さて結果は当然極めて膨大で、一言でまとめるのは難しい。主なポイントだけまとめておく。

1)老化血液と触れることで、若い細胞に老化によるのと同じ変化がおこる。また、若い血液に触れることで、老化細胞で一定の若返り効果が、転写レベルで見られる。

2)パラビオーシスに最も強く反応するのが肝臓細胞だが、血管内皮、間葉系幹細胞、血液幹細胞、免疫細胞などは老化、若返りともに影響を強く受ける。

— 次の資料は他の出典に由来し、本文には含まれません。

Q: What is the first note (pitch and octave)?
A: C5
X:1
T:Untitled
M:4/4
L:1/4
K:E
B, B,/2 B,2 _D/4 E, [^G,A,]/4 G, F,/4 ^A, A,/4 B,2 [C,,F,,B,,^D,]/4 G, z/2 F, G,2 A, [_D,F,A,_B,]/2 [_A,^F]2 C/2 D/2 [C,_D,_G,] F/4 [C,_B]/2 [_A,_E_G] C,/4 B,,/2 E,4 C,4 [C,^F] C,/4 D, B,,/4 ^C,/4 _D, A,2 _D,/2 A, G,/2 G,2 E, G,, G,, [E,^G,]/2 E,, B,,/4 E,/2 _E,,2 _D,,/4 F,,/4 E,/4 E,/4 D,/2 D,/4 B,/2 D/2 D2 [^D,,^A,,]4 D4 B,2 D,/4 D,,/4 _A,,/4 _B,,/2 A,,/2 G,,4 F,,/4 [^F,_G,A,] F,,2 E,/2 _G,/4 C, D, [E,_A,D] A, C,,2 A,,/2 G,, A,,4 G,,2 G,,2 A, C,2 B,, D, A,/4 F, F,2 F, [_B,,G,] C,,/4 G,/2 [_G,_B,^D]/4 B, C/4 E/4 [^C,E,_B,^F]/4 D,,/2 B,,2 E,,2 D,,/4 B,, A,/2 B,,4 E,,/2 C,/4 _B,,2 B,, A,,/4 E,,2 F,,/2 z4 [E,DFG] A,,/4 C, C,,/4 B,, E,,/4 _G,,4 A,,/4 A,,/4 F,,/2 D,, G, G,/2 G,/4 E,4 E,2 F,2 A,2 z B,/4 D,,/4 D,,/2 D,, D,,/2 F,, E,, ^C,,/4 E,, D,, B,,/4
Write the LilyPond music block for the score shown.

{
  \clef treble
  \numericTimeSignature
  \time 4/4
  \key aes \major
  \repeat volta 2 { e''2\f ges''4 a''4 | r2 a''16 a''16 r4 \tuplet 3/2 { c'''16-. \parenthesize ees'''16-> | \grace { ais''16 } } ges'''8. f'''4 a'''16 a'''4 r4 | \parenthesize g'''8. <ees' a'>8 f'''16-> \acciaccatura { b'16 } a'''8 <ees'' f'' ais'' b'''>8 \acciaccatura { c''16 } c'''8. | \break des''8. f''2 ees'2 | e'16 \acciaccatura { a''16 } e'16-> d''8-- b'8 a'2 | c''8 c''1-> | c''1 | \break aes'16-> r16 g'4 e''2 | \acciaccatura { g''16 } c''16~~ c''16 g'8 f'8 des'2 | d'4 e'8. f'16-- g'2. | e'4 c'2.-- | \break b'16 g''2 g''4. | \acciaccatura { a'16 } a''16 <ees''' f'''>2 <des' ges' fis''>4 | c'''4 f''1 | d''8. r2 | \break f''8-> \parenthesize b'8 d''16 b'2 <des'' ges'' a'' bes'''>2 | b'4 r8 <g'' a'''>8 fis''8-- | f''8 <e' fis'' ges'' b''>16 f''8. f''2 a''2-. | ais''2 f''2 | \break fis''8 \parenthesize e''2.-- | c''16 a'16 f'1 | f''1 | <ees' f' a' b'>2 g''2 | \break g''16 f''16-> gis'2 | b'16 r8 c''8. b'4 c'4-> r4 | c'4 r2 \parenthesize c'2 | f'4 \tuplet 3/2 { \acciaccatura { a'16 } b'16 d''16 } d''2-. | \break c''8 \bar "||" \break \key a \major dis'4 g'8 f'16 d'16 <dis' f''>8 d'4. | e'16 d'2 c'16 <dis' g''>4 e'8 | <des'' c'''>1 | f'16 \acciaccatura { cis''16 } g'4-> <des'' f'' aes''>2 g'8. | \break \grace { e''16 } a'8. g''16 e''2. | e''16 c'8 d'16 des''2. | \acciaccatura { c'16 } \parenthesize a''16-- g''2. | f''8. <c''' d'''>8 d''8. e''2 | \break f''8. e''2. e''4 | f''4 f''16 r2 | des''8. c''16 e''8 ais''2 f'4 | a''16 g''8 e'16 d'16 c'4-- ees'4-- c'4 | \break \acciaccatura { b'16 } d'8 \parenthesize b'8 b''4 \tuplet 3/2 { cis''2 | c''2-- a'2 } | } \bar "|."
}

3)遺伝子レベルで見ると、一番目立つのはミトコンドリアの電子伝達系の変化で、細胞レベルの変化に共通してみられ、老化とミトコンドリアの関係の重要性が確認される。ただ、他にも注目すべき遺伝子変化が、パラビオーシスによる老化促進、あるいは若返り現象として特定できるので、今後の重要な課題になる。

4)コラーゲン遺伝子発現の低下は老化に特徴的で、この結果間質により支持される細胞の変化が誘導される。

個人的に気になったのは以上の結果だが、循環する分子に、老化や若返りに関わる因子は必ず存在することを示すという点からは、極めてインパクトが大きい仕事だと思う。

若い血の秘密が、科学的に明らかにされれば、私たち高齢者も恩恵にあずかることが出来るようになるかもしれないが、現在のところ現象だけで、手がかりはまだまだという印象だ。